In this notebook we perform the training process and the evaluation.

<hr>

The process consists on the following stages:

1. Load the dataset produced in the `eda` notebook.
2. Generate n-char samples, then, add noise to the samples to simulate noisy process like OCR detection.
3. Create the model, and the config model (in case you want to use `pipeline.py`), and train it.
4. Make a predictions of the dataset and evaluate the results.

In [1]:
import os
import json

import pandas as pd
import numpy as np
import tensorflow as tf

from pprint import pprint
from pathlib import Path

In [2]:
# Remember to update the PYTHON_PATH to
# export PYTHONPATH=`pwd`:`pwd`/conabio_ml_text/conabio_ml:`pwd`/conabio_ml_text

from conabio_ml_text.datasets.dataset import Dataset, Partitions
from conabio_ml_text.preprocessing.preprocessing import Tokens, PreProcessing
from conabio_ml_text.preprocessing.transform import Transform

from conabio_ml_text.trainers.bcknds.tfkeras import TFKerasTrainer, TFKerasTrainerConfig
from conabio_ml_text.trainers.bcknds.tfkeras import CHECKPOINT_CALLBACK, TENSORBOARD_CALLBACK

from conabio_ml_text.utils.constraints import TransformRepresentations as TR

from conabio_ml.evaluator.generic.evaluator import Evaluator, Metrics

from conabio_ml.utils.logger import get_logger, debugger

from utils import nchars, datagen
from model import LSTMModel

log = get_logger(__name__)
debug = debugger.debug

Tokens.UNK_TOKEN = Tokens.UNK_TOKEN * 3

In [None]:
# Enable this to see the `debug` messages
# debugger.create(True)

In [3]:
dataset_filepath = Path("dataset/dataset.csv")
results_path = Path("results")

We load the dataset from the `csv` file and perform a split in `[train, validation, test]` partitions.

In [4]:
dataset = Dataset.from_csv(dataset_filepath)
dataset = Dataset.split(dataset,
                        train_perc=0.8,
                        test_perc=0.1,
                        val_perc=0.1)

2021-02-15 16:58:05,000 [conabio_ml.datasets.dataset] [INFO ]  Creating dataset from CSV file: /Users/rrivera/Documents/m.ind/clsspec/code/dataset/dataset.csv
2021-02-15 16:58:05,106 [conabio_ml.datasets.dataset] [DEBUG]  Columns in dataset: Index(['Unnamed: 0', 'item', 'label'], dtype='object')
2021-02-15 16:58:05,108 [conabio_ml.datasets.dataset] [DEBUG]  Creating dataset with 81069 registers
2021-02-15 16:58:05,130 [conabio_ml.datasets.dataset] [DEBUG]  Dataset with ordinal labels
2021-02-15 16:58:05,138 [conabio_ml.datasets.dataset] [DEBUG]  2 categories in dataset
2021-02-15 16:58:05,139 [conabio_ml.datasets.dataset] [INFO ]  Assigning labelmap with [{0: 'non_species'}, {1: 'species'}]
2021-02-15 16:58:05,140 [conabio_ml.datasets.dataset] [WARNI]  Column partition is not present in the dataset, so it has not been partitioned


In [5]:
len(dataset.get_partition("test")), len(dataset.get_partition("test")["item"].unique())

(8108, 8107)

For the training process, based on a `char-rnn`, we create samples of n-chars to capture insights.

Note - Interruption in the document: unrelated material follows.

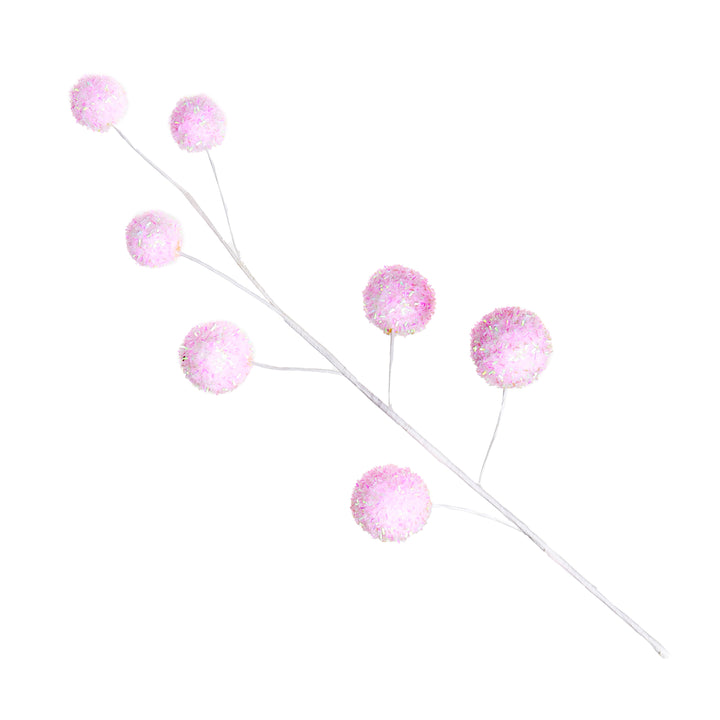 Pastel Pink Glitter Ball Christmas Pick - Set of 2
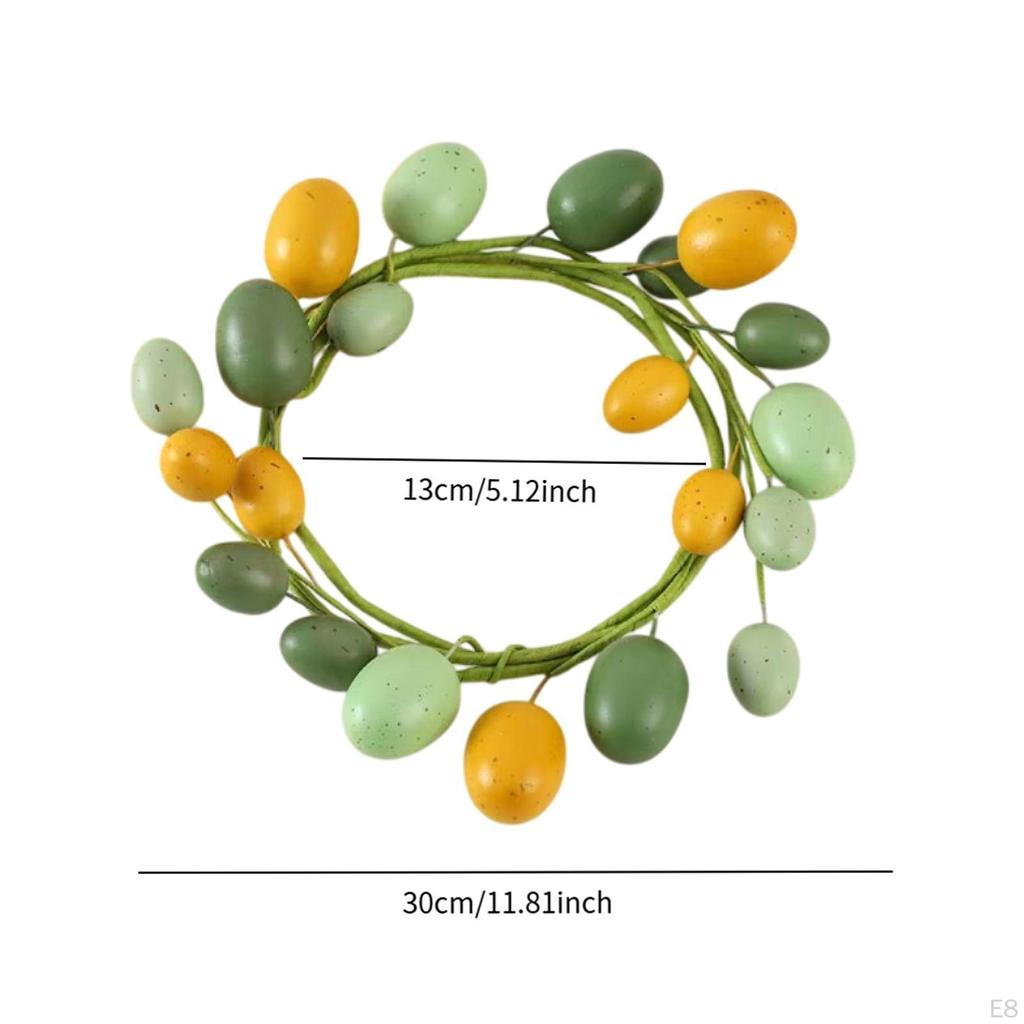 Easter Eggs Ring Wreath Artificial for Front Door Handcraft Spring Decor Home Indoor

Note we use the property `build_vocab=True` to create the vocabulary accordding to the resulting dataset.Also, the `func_args` parameters are sent to the preprocess function, defined in `preprocess_fn=nchars`.

In [6]:
SAMPLE_SIZE = np.max(dataset.data["item"].apply(lambda x: len(x)))
BATCH_SIZE = 16

dataset = PreProcessing.preprocess(dataset,
                                   build_vocab=True,
                                   preprocess_args={
                                       "fields": ["item"],
                                       "func_args": {
                                           "pad_size": -1,
                                           "nchar_size": 3,
                                           "unk_token": Tokens.UNK_TOKEN
                                       }
                                   },
                                   preprocess_fn=nchars)
# # By this moment the dataset is already processed and the vocab property exists
# # Taken from TransformRepresentations constraints
pprint(dataset.representations[TR.VOCAB][0:5])
dataset.data.head()

['[PAD]', '[UNK][UNK][UNK]', 'sap', 'apo', 'pov']


Unnamed: 0.1,Unnamed: 0,item,label,partition
0,0,sap apo pov ovi vir iru rus us_ s_i _is is_ s_a,non_species,train
1,1,gen enu nus us_ s_o _of,non_species,train
2,2,cal ali lic ici civ ivi vir iru rus use ses,non_species,validation
3,3,tha hat,non_species,train
4,4,are,non_species,train


Then, we add a noise process. 

We produce 3 new noise samples from 1 real sample, 4 in total. With the following methodology:
1. Real sample [nchar_1, nchar_2, …, nchar_N, PAD_TOKEN]
2. Two samples replacing 1 {nchar_1, nchar_N} to UNK_TOKEN
3. One sample with both previously replaced `nchars``

In [7]:
dataset = Transform.as_data_generator(dataset,
                                      vocab=None,
                                      transform_args={
                                          "pad_length": SAMPLE_SIZE,
                                          "unk_token": Tokens.UNK_TOKEN,
                                          "batch_size": BATCH_SIZE
                                      },
                                      data_generator=datagen)

Example
<hr>

In [8]:
## Be aware with batch size in model training, we are using the current batch_size in 
## `as_data_generator`, because it will produce samples of `[batch_size X 4 X max_len] (3D)`
## instead of `[(batch_size X 4) X max_len] (2D)`
#vocab = dataset.representations[TR.VOCAB]
#gen = dataset.representations["data_generators"]["train"]
#sample_x, sample_y = next(gen())
#[print([vocab[char] for char in sample]) for sample in sample_x]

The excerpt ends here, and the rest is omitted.